Required action: Look through the data below for the line with "4041 Vanalden Avenue Tarzana CA 91356 51" and the line with "Lexus RZ 450e", then output those two and all lines in between, exactly as written.

Short descriptive text snippets:
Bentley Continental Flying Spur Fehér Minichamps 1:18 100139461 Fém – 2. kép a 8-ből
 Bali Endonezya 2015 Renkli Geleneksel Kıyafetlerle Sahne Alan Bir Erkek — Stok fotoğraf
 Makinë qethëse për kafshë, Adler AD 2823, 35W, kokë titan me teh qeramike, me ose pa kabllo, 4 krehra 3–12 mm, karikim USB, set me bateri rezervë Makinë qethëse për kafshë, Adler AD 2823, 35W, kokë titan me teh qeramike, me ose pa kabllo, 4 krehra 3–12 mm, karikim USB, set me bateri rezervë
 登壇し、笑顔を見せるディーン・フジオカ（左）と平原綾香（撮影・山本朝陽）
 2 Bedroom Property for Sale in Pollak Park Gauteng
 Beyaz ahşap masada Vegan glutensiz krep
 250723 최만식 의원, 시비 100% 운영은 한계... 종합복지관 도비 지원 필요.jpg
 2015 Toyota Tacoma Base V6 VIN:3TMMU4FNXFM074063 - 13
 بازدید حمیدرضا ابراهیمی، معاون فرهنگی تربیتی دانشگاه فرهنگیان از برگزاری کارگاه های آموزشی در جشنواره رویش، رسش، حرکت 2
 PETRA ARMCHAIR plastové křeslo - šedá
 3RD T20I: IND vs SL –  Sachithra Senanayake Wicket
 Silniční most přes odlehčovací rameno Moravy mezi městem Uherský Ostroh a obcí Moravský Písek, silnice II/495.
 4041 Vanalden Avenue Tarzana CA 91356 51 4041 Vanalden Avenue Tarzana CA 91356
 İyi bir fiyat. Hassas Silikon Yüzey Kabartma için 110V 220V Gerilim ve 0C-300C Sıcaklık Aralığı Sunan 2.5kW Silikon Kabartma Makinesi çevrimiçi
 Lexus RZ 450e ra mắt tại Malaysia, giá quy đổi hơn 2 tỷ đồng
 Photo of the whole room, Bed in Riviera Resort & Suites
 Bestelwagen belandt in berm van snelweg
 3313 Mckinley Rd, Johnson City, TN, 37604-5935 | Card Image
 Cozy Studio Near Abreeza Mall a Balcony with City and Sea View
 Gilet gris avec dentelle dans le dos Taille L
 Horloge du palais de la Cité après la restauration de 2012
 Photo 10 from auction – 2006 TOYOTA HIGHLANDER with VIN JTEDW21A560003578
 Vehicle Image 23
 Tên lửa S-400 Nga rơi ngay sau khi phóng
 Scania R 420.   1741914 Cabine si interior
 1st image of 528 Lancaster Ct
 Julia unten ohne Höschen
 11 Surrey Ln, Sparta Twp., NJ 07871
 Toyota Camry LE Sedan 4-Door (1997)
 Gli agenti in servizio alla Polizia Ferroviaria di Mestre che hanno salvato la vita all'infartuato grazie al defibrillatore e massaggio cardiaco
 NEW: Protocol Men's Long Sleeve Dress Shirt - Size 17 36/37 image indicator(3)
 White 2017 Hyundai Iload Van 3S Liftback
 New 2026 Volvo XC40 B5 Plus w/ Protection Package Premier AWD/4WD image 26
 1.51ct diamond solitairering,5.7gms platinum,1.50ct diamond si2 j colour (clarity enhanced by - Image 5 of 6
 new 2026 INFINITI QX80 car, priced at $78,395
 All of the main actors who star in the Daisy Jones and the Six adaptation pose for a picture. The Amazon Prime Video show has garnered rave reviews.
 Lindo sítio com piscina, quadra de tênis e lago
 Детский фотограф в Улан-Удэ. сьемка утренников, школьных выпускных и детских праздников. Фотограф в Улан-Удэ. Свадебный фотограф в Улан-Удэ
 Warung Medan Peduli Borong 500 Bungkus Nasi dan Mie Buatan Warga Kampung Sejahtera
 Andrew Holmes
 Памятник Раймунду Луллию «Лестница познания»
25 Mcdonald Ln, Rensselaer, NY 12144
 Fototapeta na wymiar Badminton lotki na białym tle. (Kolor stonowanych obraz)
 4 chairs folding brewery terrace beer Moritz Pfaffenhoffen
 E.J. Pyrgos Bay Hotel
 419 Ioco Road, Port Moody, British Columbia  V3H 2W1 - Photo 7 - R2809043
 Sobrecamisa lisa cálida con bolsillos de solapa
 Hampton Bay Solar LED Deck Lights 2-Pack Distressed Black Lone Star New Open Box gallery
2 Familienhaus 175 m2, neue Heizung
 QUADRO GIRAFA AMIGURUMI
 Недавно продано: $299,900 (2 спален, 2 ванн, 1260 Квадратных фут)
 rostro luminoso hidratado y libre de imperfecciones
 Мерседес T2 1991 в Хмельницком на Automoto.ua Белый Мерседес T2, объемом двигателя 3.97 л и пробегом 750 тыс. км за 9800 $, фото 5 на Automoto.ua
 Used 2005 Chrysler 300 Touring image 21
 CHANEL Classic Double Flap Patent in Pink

Answer area:
 4041 Vanalden Avenue Tarzana CA 91356 51 4041 Vanalden Avenue Tarzana CA 91356
 İyi bir fiyat. Hassas Silikon Yüzey Kabartma için 110V 220V Gerilim ve 0C-300C Sıcaklık Aralığı Sunan 2.5kW Silikon Kabartma Makinesi çevrimiçi
 Lexus RZ 450e ra mắt tại Malaysia, giá quy đổi hơn 2 tỷ đồng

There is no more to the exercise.